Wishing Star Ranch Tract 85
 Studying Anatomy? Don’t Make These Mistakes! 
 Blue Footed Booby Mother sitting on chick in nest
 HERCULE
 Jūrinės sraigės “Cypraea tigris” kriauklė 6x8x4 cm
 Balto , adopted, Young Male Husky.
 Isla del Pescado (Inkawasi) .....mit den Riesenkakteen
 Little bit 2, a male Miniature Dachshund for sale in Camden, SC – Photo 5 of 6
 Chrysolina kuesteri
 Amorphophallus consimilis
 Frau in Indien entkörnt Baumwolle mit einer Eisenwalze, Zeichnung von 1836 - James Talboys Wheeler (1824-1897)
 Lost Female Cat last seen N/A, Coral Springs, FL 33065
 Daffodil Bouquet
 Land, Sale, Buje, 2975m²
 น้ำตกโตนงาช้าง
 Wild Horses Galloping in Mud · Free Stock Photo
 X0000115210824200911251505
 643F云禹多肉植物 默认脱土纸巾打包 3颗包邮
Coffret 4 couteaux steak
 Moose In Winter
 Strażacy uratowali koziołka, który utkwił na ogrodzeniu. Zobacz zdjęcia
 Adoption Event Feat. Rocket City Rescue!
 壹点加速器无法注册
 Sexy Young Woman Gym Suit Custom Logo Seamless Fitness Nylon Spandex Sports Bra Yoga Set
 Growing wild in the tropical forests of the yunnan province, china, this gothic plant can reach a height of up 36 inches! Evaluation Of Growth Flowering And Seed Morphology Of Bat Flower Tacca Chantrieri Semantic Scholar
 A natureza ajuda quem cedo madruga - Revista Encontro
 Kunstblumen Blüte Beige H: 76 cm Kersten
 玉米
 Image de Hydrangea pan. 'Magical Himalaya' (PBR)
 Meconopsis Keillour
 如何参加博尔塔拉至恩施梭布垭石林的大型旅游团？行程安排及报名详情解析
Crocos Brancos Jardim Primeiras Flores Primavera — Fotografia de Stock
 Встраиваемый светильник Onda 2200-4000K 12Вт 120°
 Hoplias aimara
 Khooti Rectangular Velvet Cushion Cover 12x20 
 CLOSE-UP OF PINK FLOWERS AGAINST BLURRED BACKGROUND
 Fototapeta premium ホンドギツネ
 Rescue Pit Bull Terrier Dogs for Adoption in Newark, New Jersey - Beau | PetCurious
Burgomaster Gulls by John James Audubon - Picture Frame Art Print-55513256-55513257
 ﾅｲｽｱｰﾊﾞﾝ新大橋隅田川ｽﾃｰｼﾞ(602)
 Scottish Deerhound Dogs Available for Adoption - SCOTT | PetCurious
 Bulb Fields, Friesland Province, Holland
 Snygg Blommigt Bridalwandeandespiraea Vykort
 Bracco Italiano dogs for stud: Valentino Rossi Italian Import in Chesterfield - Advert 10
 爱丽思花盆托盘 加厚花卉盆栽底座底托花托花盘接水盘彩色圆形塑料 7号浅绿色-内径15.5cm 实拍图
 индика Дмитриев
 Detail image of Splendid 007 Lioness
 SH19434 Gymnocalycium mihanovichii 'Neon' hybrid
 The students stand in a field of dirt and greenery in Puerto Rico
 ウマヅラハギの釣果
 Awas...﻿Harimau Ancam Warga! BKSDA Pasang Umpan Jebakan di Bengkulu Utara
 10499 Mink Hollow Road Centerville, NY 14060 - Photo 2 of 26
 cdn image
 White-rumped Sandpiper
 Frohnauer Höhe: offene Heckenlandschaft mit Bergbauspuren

§

**TASK DESCRIPTION:**
All lines from the one containing "Awas...﻿Harimau Ancam Warga!" down to the final line above are to be restated word for word; leave out the rest.

**YOUR RESPONSE:**
 Awas...﻿Harimau Ancam Warga! BKSDA Pasang Umpan Jebakan di Bengkulu Utara
 10499 Mink Hollow Road Centerville, NY 14060 - Photo 2 of 26
 cdn image
 White-rumped Sandpiper
 Frohnauer Höhe: offene Heckenlandschaft mit Bergbauspuren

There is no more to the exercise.